Pictures are to be left out, and only the lines from the one containing "New 2026 Ford" through the last line of the data are to be returned exactly.

§ Information supplied
= Beginning of Section =
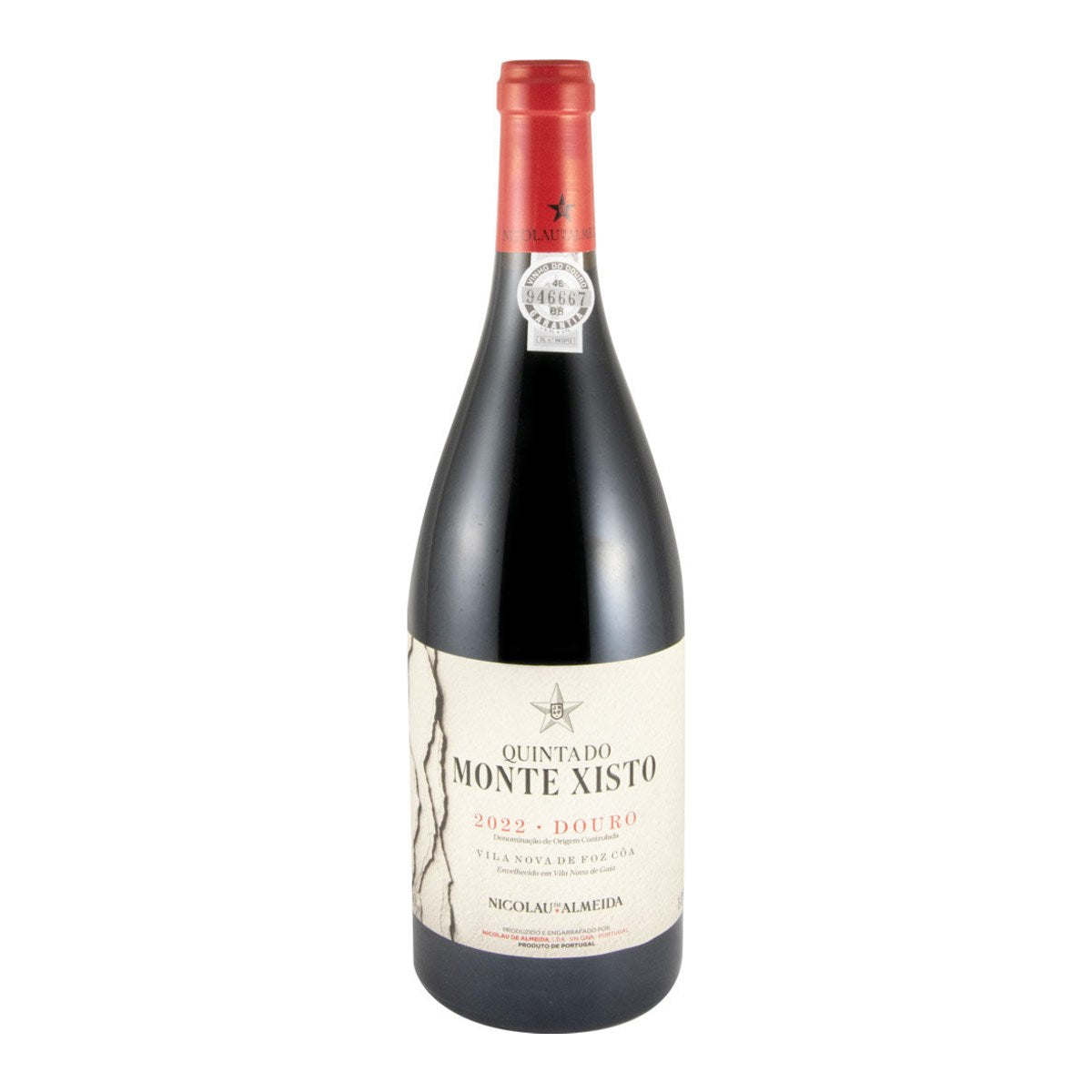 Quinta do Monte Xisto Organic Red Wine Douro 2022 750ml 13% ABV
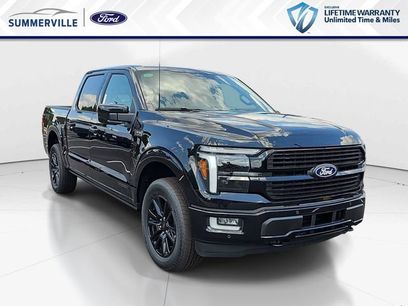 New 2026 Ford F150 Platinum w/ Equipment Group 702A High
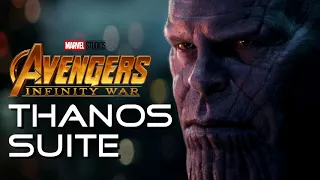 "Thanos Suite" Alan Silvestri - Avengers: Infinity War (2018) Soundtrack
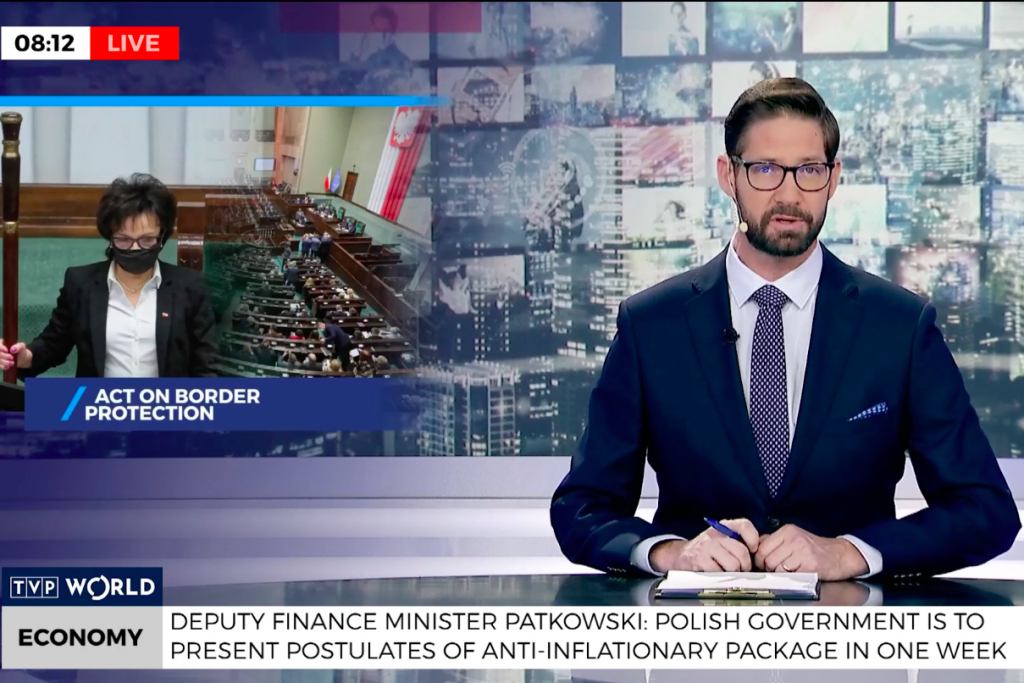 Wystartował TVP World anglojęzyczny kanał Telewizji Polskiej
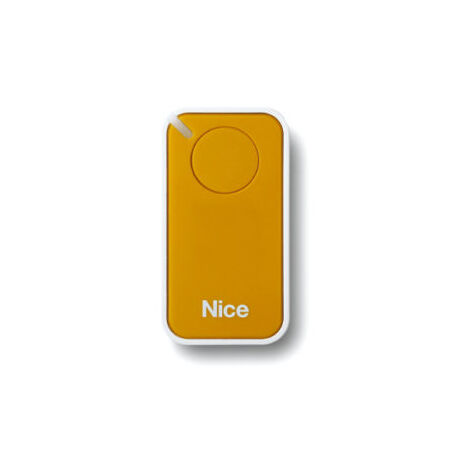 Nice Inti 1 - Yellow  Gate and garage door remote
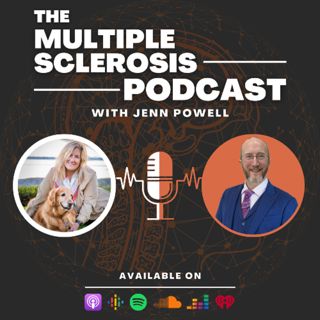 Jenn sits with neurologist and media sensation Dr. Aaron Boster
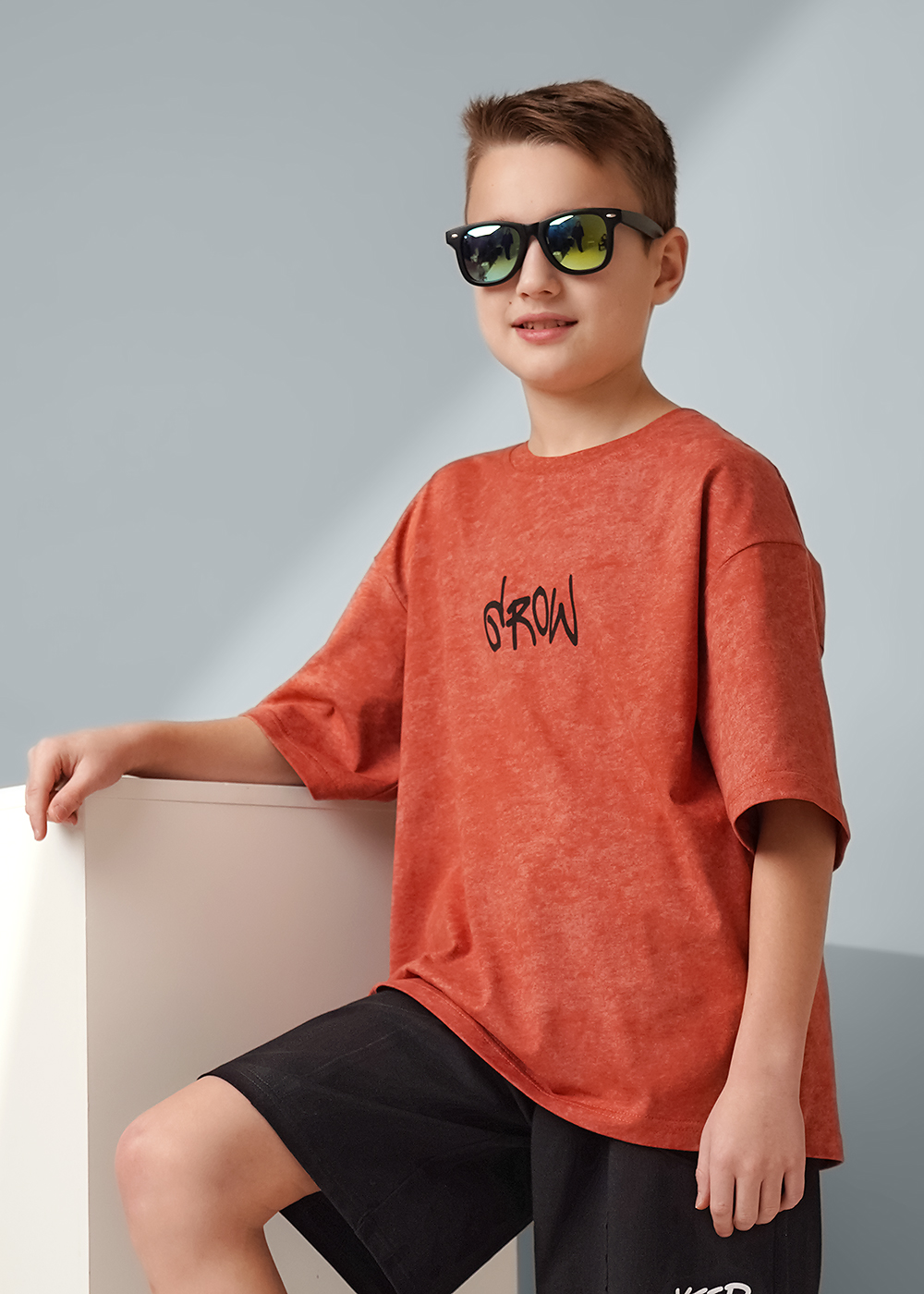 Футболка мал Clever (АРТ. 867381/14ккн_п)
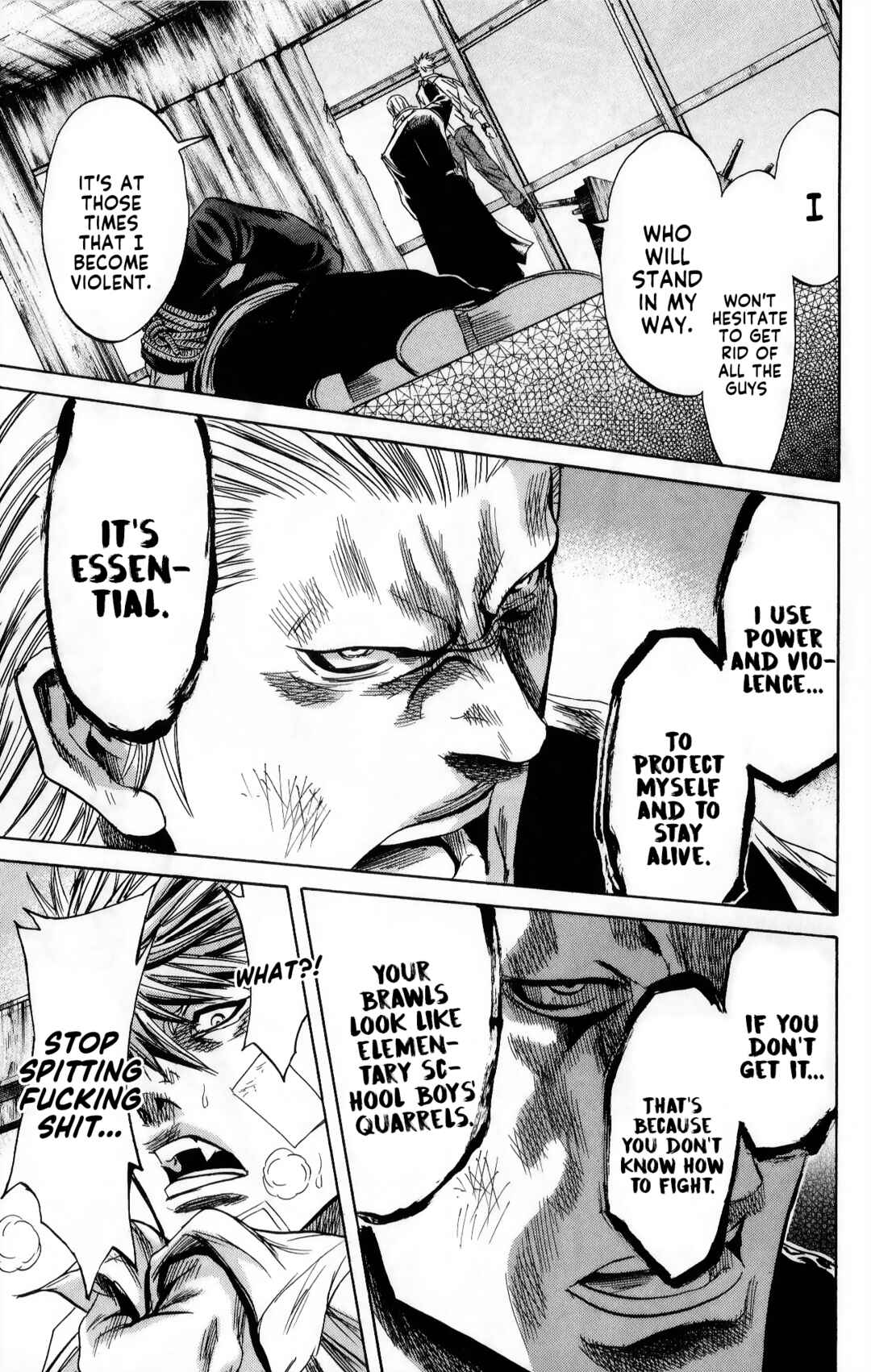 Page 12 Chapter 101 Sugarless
= End of Section =
§ Exercise output
 New 2026 Ford F150 Platinum w/ Equipment Group 702A High
 "Thanos Suite" Alan Silvestri - Avengers: Infinity War (2018) Soundtrack
 Wystartował TVP World anglojęzyczny kanał Telewizji Polskiej
 Nice Inti 1 - Yellow  Gate and garage door remote
 Jenn sits with neurologist and media sensation Dr. Aaron Boster
 Футболка мал Clever (АРТ. 867381/14ккн_п)
 Page 12 Chapter 101 Sugarless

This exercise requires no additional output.